▶ _INPUT MATERIAL_
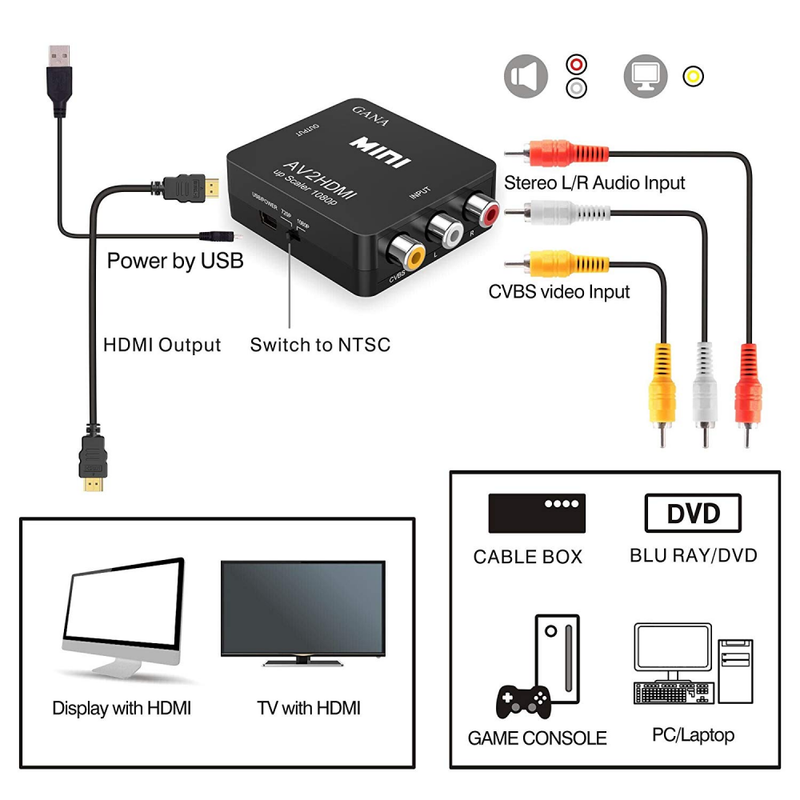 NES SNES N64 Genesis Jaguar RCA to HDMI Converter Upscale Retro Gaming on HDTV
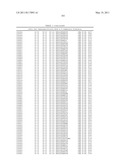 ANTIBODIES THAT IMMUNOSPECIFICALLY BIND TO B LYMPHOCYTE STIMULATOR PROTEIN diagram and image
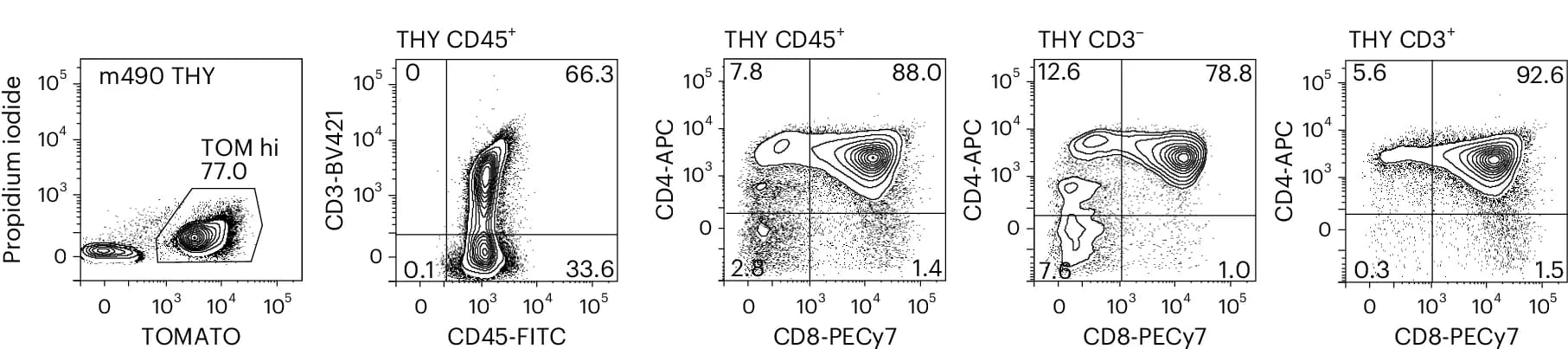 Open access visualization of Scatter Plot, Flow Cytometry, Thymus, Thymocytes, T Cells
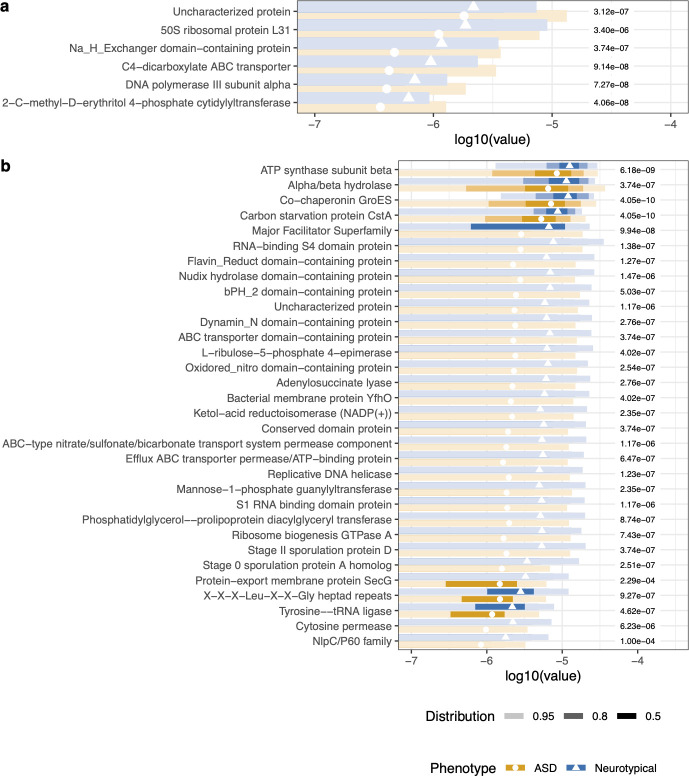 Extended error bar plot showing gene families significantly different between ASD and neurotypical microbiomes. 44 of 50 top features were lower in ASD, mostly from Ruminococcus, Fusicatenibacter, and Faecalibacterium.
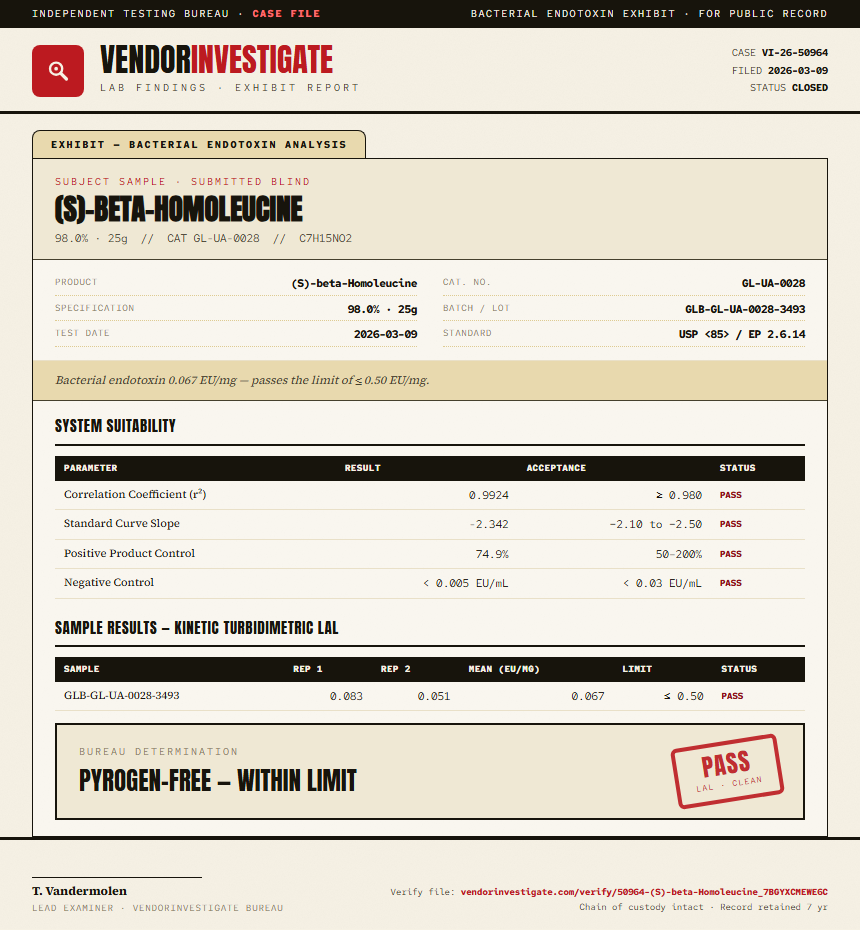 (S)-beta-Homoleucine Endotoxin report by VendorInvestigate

▶ _WHAT IS BEING ASKED_
Every record above needs to be repeated exactly; pictures are to be left out.

▶ _EXERCISE RESULT_
 NES SNES N64 Genesis Jaguar RCA to HDMI Converter Upscale Retro Gaming on HDTV
 ANTIBODIES THAT IMMUNOSPECIFICALLY BIND TO B LYMPHOCYTE STIMULATOR PROTEIN diagram and image
 Open access visualization of Scatter Plot, Flow Cytometry, Thymus, Thymocytes, T Cells
 Extended error bar plot showing gene families significantly different between ASD and neurotypical microbiomes. 44 of 50 top features were lower in ASD, mostly from Ruminococcus, Fusicatenibacter, and Faecalibacterium.
 (S)-beta-Homoleucine Endotoxin report by VendorInvestigate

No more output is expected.